Judgment (Merits and Just Satisfaction) of Court (Fifth Section), April 16, 2015 (case CASE OF GAL v. UKRAINE)

Resolution DateApril 16, 2015
Issuing OrganizationCourt (Fifth Section)



(Application no. 6759/11)


This version was rectified on 12 June 2015

under Rule 81 of the Rules of Court.


16 Avril 2015

This judgment will become final in the circumstances set out in Article 44 § 2 of the Convention. It may be subject to editorial revision.

In the case of Gal v.

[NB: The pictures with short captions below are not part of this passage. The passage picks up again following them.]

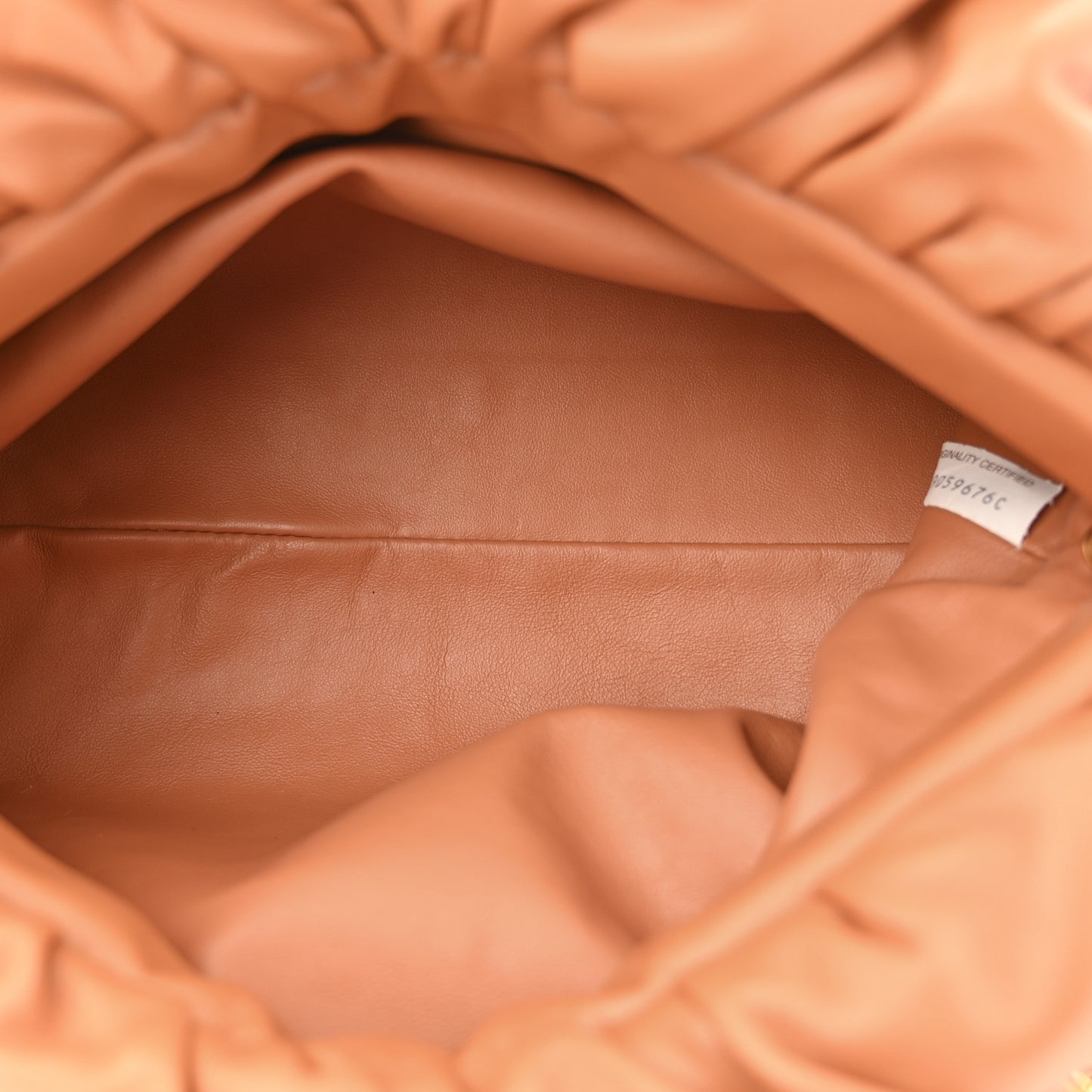 Calfskin The Pouch Chain Clay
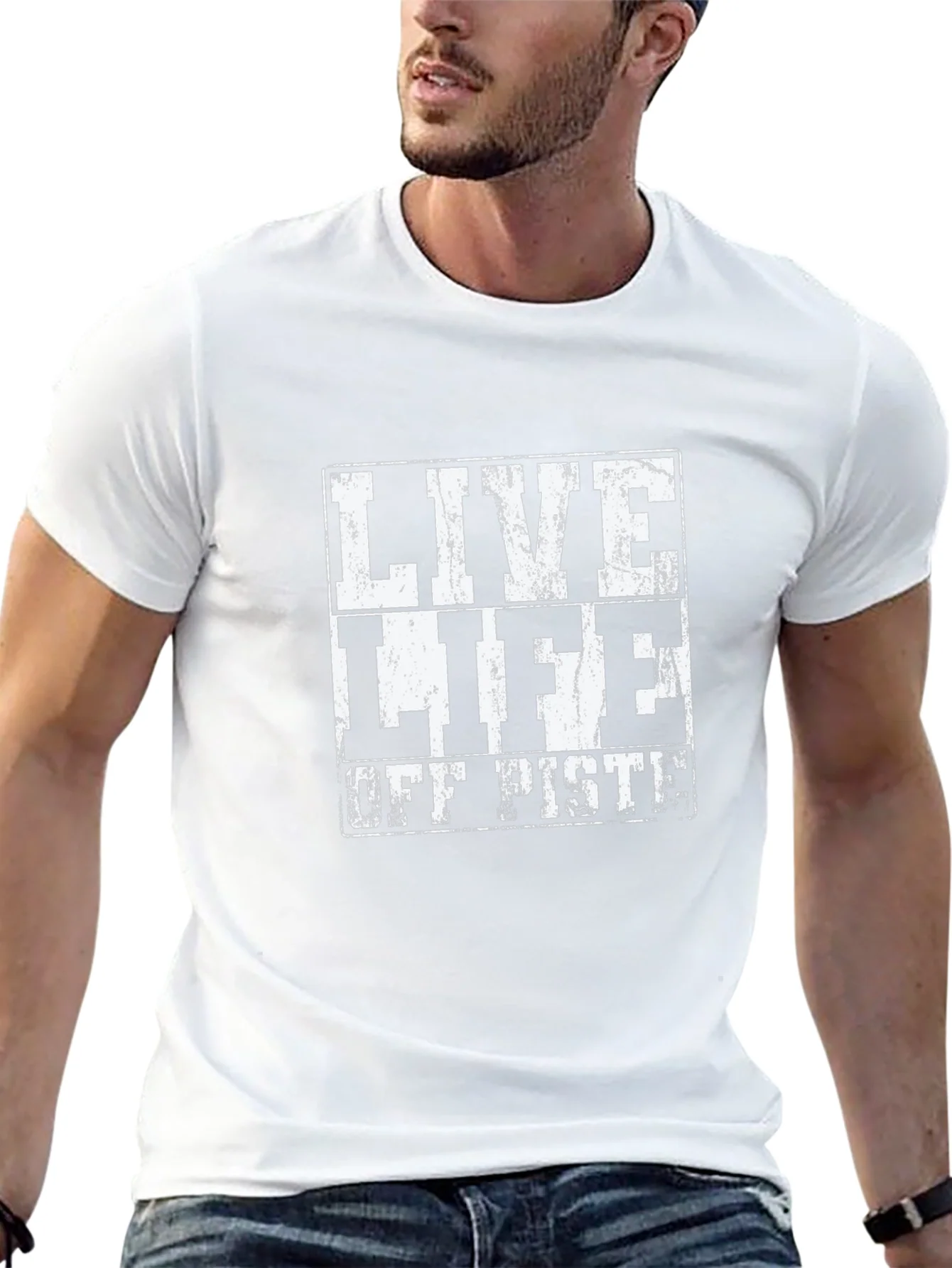 Live Life Off Piste Black T-Shirt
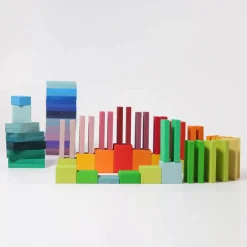 Color Chart Rally Wooden Blocks Set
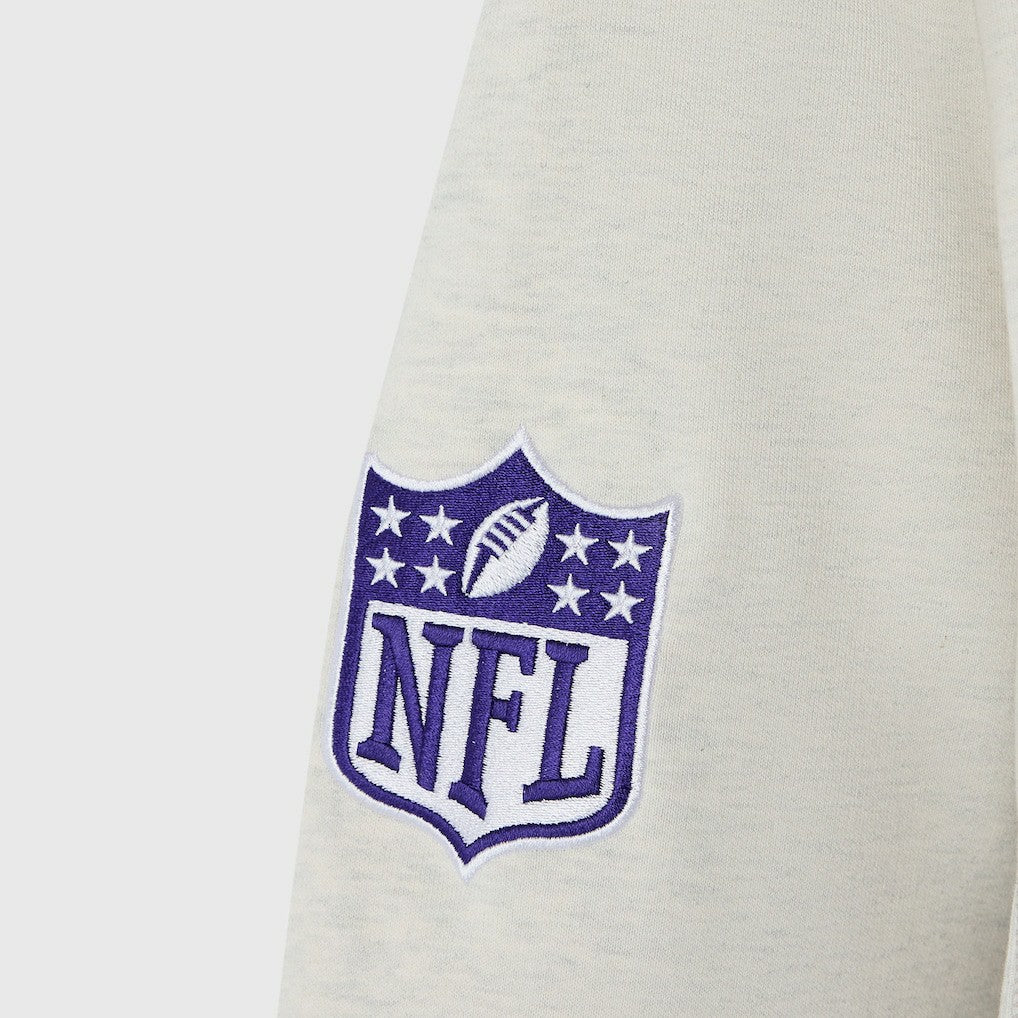 Baltimore Ravens OVO x NFL Unisex Fleece Sweatshirt Heather Gray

Ukraine,

The European Court of Human Rights (Fifth Section), sitting as a Chamber composed of:

             Mark Villiger, President,              Angelika Nußberger,              Boštjan M. Zupančič,              Ganna Yudkivska,              Vincent A. De Gaetano,              André Potocki,              Aleš Pejchal, judges,and Claudia Westerdiek, Section Registrar,

Having deliberated in private on 24 March 2015,

Delivers the following judgment, which was adopted on that date:


  1. The case originated in an application (no. 6759/11) against Ukraine lodged with the Court under Article 34 of the Convention for the Protection of Human Rights and Fundamental Freedoms (“the Convention”) by a Ukrainian national, Mr Oleksandr Arkadiyovych Gal (“the applicant”), on 19 January 2011.

  2. The applicant was represented by Mr O.V. Khrapach, a lawyer practising in Poltava. The Ukrainian Government (“the Government”) were represented by their then Agent, Mr N. Kulchytskyy, from the Ministry of Justice.

  3. On 3 July 2012 the application was declared partly inadmissible and the complaints concerning the lawfulness of the applicant’s detention and the promptness and effectiveness of the scrutiny of such lawfulness were communicated to the Government.



  4. The applicant was born in 1961 and lives in Poltava.

  5. The applicant is a private entrepreneur in the food supply sector.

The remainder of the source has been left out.